To a generation accustomed to Pillsbury TV commercials featuring the fat and giggly Pillsbury Doughboy, that was absolutely unacceptable. Whatever General Westmoreland originally intended, to everyone else, “Recondo” has always stood for “reconnaissance commando.” When he later became commandant of the U.S. Military Academy, General Westmoreland also instituted a less intense program of Recondo training at West Point. Later, in Vietnam, General Westmoreland played a major part in establishing the most famous Recondo school of them all—MACV Recondo School.
When conventional U.S. troop units began deploying to the Republic of Vietnam, the men of Project Delta (B-52) and its predecessor, Project Leaping Lena, had already honed their skills and gained experience in conducting reconnaissance and other special operations in Vietnam, as well as in training indigenous troops in these arts.
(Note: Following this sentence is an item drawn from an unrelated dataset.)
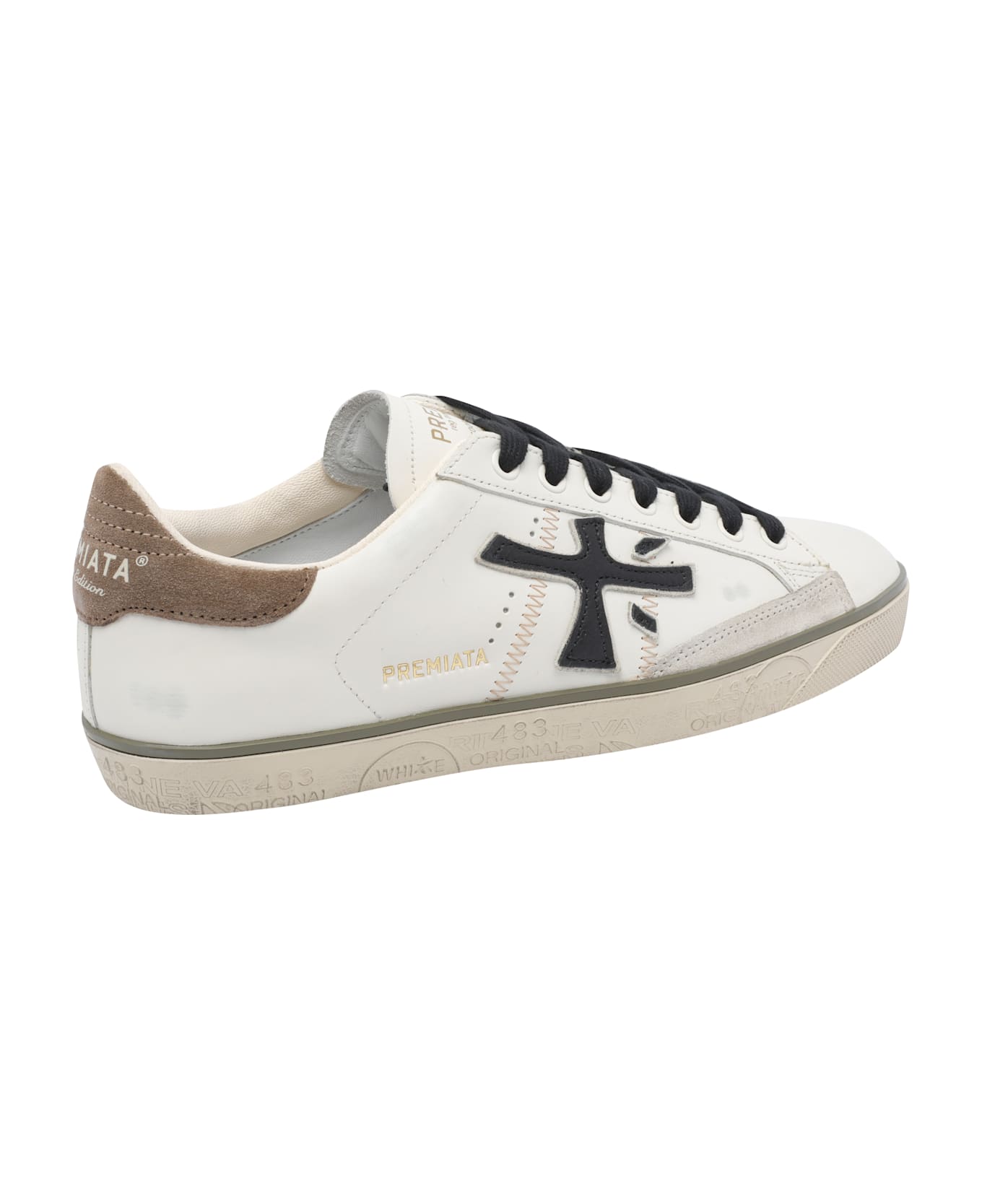 Premiata Steven Sneakers - White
It soon became evident that the conventional units would need a reconnaissance capability beyond their organic cav troops and infantry battalion recon platoons.
In September 1966, the 1st Brigade 101st Airborne Division sent 10 paratroopers through Delta’s training program, and soon other units were begging to send some of their soldiers through the course. By August 1966, things were getting out of hand. Delta’s CO went to Colonel Kelly, who at this time was reorganizing and expanding 5th SF Group’s intelligence operations, and in the process of organizing and bringing online Project Omega (B-50), Project Sigma (B-56), and a group recon school.
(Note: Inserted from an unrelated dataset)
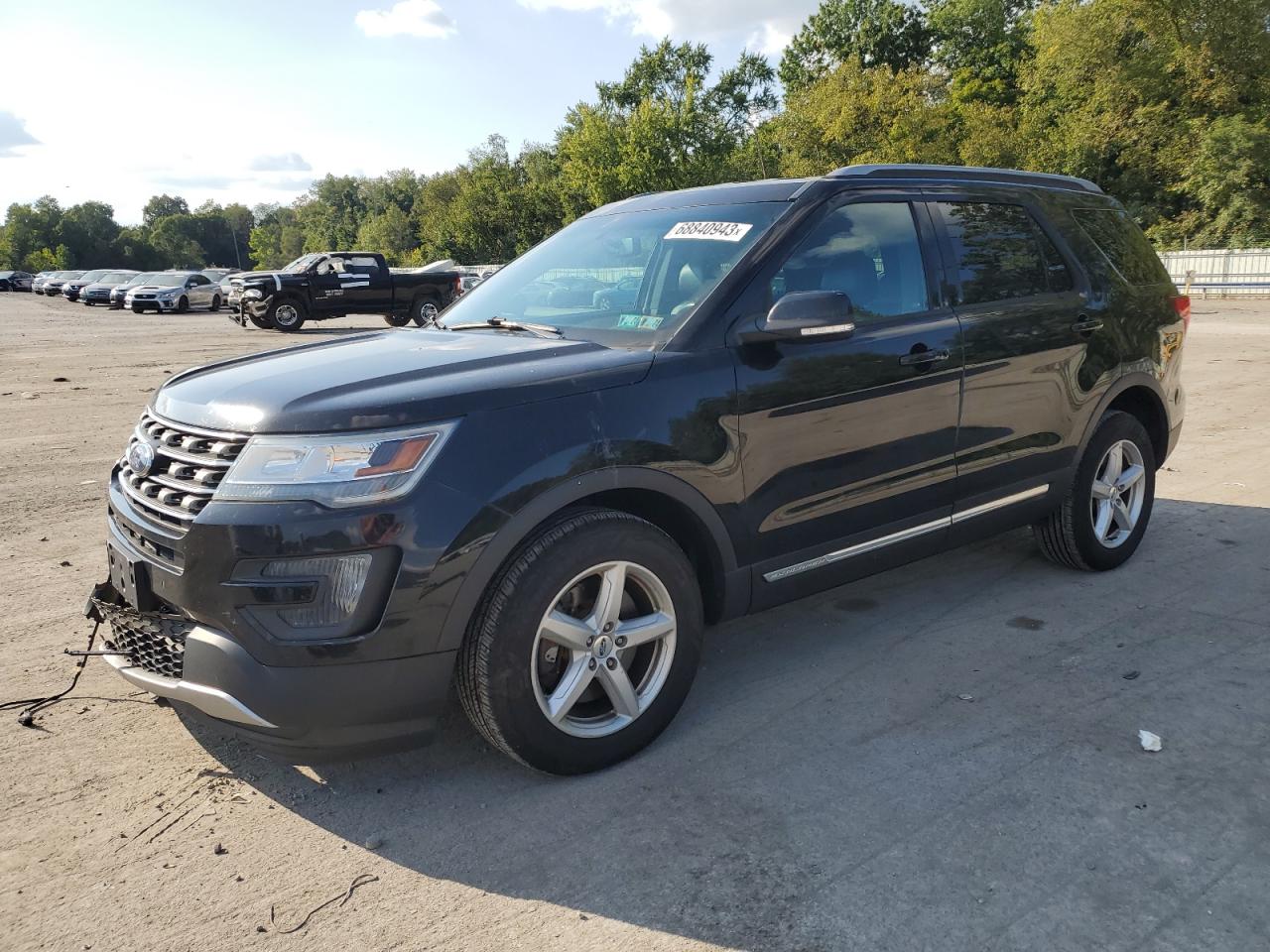 FORD EXPLORER 2016 1fm5k8d80gga22091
In the midst of all this, Project Delta was also training LRRPs for the conventional units. Colonel Kelly went to General Westmoreland (by then MACV’s commanding general), and on July 1st, 1966, Major A. J. Baker was given the job of forming and commanding the MACV Recondo School, based on Delta’s recon experience and the 101st’s Recondo School. From that beginning, the MACV Recondo School at Nha Trang was on its way.
But all that is history, and that history is well chronicled in Tom Halliwell’s “A History Of The MACV Recondo School,” still available in PDF. It is a wonderful work of history, full of information, photos, and detailed information about the training schedules, requirements, patrol procedures, historical facts, a list of Recondo instructors/advisors and cadre, and a similar list of Recondo graduates. Halliwell’s “History” is a priceless source for anyone interested in American special operations history. Halliwell’s history is a history, but this article is more of a grateful paean from an old Recondo School graduate.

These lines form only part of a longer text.